From my journal for September 1994 and first posted in December 2022:
And finally I came to see (again again) that this miserable wimp is herself my task, this person who is so sensitive and precariously balanced, who can’t even keep her house clean, she’s the one that I’m committed, that I commit myself, to protect and nurture. Yes that’s the difference. It’s when I stop resisting the unfairness of God/universe, to have stuck me with this wretched body and damaged psyche, and accept the task, actively commit myself to her welfare, that’s when something changes, and I feel strengthened, and supported by ground under my feet. Riding in the car on the way home, I realized that the hated task that I must stick with is not forcing myself to “live with” the planes, but learning to “live with” my sensitivity, and that understanding also turns it around to something I can do.
Ah, yes, the “miserable wimp” who I’ve lately been calling “this odd, difficult, broken person.”
Had a moment of fairly extreme fear.

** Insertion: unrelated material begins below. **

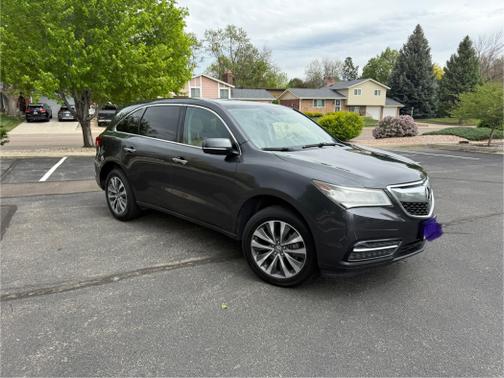 2015 Acura MDX 3.5L Technology Package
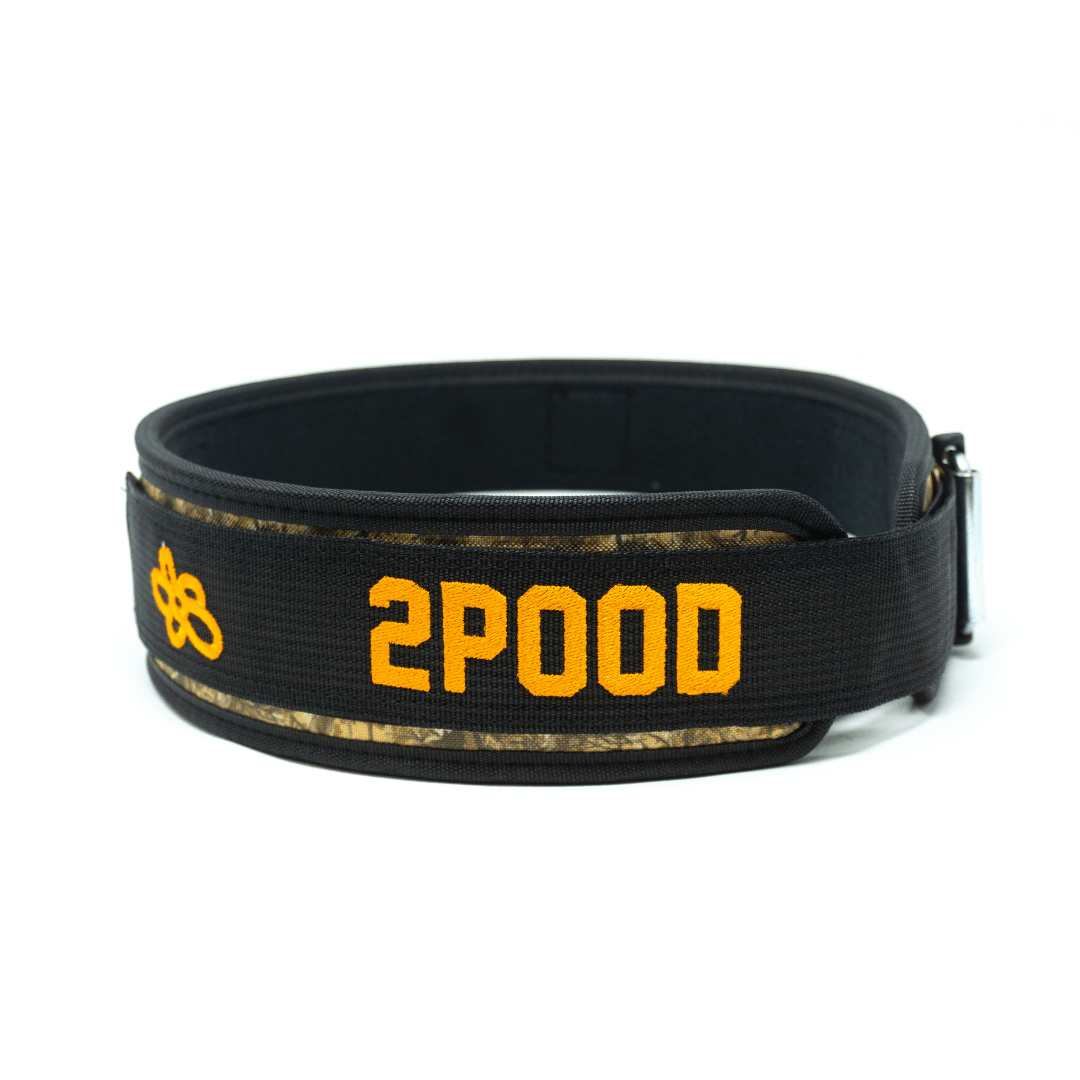 3" Petite Woodlands by Danielle Brandon Weightlifting Belt kaufen - 2POOD 3 Inch Belt - Fitness Onlineshop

I think it’s the world situation: Ukraine, Israel/Gaza, more threat in the middle east, Trump as a candidate, global warming…. Maybe the thing from MoveOn about being attacked by the Republican Party.
Don’t know how to explain about MoveOn except to quote from their letter:
“Recently, Trump henchman and former Attorney General Bill Barr published a propaganda piece in the right-wing opinion pages of The Wall Street Journal, calling on the Justice Department to investigate “serious allegations” against MoveOn—allegations of an unlawful, Russian-style criminal conspiracy against American democracy!
“Barr is attacking MoveOn for organizing to expose No Labels, a billionaire-backed dark-money political slush fund, and their reckless plans that would reinstall Trump in the White House.”
Read something I wrote in September 1994: “I realized that the hated task that I must stick with is not forcing myself to “live with” the planes, but learning to “live with” my sensitivity, and that understanding also turns it around to something I can do.”
Can I take this on now? Not sure what I meant by “live with,” I don’t think I had gotten so far as to think of “accepting” the planes, I think by “live with” I just meant not fighting them. But I do accept that we’ve damaged our world, and I need to accept and protect my damaged and sensitive self. And to keep letting go on the out breath, to keep handing myself over to the Great Being or Spirit or Universe or “this process,” to hope/trust that good may be being done through me tho I don’t know about it. And to keep choosing to trust that the Universe is Alive and Intelligent and holds us all in compassion.